According to one aspect of this application there is provided a process for converting a hydrocarbon feedstock comprising at least 75 percent by weight of a mixture of at least two paraffins having from 5 to 10 carbon atoms, said process comprising contacting said hydrocarbon feedstock under sufficient conditions with a catalyst comprising (1) a binder and (2) ZSM-5 or ZSM-11, said ZSM-5 or ZSM-11 being an aluminosilicate zeolite, said catalyst having an alpha value from about 5 to about 25, whereby at least 10 percent by weight of said paraffins are converted to different hydrocarbons comprising at least 90 percent by weight of the sum of C6 -C8 aromatics, C2 -C4 olefins, C9 + aromatics and C1 -C3 paraffins.
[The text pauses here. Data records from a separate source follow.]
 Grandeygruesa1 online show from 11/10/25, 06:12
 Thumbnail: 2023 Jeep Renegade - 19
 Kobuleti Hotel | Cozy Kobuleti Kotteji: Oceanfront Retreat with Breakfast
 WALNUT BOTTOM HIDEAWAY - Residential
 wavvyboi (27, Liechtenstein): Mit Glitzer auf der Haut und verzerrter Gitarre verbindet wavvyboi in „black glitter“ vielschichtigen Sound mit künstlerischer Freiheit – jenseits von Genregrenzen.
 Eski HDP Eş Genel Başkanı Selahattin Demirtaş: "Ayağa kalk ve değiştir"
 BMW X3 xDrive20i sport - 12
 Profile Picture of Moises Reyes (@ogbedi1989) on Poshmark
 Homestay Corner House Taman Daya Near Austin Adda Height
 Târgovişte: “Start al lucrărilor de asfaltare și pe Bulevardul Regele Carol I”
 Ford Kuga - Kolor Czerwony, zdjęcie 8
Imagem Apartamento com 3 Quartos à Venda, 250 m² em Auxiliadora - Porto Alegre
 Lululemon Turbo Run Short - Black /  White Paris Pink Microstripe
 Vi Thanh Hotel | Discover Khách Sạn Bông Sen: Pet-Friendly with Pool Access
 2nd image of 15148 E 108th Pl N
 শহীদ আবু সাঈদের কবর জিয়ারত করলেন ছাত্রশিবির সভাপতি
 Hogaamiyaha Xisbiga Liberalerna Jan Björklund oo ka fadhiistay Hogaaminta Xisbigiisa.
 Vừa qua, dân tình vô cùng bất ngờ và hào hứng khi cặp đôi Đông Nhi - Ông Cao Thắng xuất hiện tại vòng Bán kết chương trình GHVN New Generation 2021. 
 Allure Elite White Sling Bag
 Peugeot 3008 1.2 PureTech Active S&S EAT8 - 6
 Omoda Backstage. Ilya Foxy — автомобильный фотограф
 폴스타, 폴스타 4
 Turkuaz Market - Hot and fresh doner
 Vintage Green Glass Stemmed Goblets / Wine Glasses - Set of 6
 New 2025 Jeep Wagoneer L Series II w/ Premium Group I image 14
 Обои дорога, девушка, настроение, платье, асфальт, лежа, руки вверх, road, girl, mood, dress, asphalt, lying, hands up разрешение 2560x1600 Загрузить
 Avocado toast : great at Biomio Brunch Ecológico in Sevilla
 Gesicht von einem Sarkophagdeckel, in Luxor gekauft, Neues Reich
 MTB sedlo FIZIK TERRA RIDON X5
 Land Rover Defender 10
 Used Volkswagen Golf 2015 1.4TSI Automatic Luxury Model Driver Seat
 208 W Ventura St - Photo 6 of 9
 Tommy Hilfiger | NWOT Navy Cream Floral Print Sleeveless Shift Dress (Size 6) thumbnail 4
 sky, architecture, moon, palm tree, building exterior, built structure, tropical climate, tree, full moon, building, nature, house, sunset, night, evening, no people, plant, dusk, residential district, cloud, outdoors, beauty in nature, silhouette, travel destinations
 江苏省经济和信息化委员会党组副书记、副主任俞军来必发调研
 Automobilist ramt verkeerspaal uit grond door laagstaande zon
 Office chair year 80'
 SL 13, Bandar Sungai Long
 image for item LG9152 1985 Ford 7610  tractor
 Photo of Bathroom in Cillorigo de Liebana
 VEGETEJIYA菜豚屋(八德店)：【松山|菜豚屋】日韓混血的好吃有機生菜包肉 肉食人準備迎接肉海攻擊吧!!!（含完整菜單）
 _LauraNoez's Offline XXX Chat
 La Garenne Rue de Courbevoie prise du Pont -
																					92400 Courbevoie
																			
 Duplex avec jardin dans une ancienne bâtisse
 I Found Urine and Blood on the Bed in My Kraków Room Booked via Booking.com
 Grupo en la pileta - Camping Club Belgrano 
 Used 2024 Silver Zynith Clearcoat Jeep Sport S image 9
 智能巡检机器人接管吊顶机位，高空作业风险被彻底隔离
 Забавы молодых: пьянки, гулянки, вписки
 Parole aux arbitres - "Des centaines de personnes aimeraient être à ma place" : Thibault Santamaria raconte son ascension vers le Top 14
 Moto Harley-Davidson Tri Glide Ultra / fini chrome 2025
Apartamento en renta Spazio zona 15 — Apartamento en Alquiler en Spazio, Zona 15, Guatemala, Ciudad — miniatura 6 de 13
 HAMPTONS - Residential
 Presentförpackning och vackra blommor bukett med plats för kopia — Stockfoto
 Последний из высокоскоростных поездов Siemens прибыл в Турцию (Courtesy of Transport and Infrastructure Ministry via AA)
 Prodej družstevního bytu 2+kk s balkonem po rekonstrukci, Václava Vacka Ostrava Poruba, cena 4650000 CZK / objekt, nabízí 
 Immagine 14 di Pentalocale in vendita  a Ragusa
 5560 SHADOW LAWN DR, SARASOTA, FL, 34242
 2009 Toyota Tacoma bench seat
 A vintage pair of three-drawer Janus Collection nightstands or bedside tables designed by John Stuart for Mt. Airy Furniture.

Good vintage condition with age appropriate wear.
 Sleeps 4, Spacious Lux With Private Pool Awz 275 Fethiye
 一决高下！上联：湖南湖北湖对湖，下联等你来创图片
According to another aspect of this application, there is provided a process for converting a hydrocarbon feedstock comprising at least 75 percent by weight of a mixture of at least two paraffins having from 5 to 10 carbon atoms said process comprising the steps of:
(i) contacting said hydrocarbon feedstock under sufficient conditions with a fluid bed of catalyst comprising (1) a binder and (2) ZSM-5 or ZSM-11, wherein said catalyst has an initial alpha value of at least about 50 prior to contact with said feedstock, whereby at least 90 percent by weight of said paraffins are converted to different hydrocarbons comprising at least 90 percent by weight of the sum of C6 -C8 aromatics, C2 -C4 olefins, C9 + aromatics and C1 -C3 paraffins, and whereby a hydrocarbonaceous deposit is formed on said catalyst;
(ii) separating catalyst of step (i) from hydrocarbons and recovering said C6 -C8 aromatics and C2 -C4 olefins;
(iii) removing said hydrocarbonaceous deposit from separated catalyst of step ii by contacting said separated catalyst with a gas comprising oxygen under conditions sufficient to oxidize said hydrocarbonaceous deposit; and
(iv) recycling catalyst from step (iii) to said fluid bed of step (i), said process further comprising the steps of:
(v) adjusting the process parameters to cause partial deact of the catalyst introduced into the fluid bed of step (i), whereby it becomes necessary to reduce the WHSV by at least 50 percent in order to achieve the initial rate of conversion at constant conditions of temperature and pressure; and
(vi) continuing the process, whereby the initial WHSV is reduced by at least 50 percent and the selectivity to the sum of C6 -C8 aromatics and C2 -C4 olefins is increased.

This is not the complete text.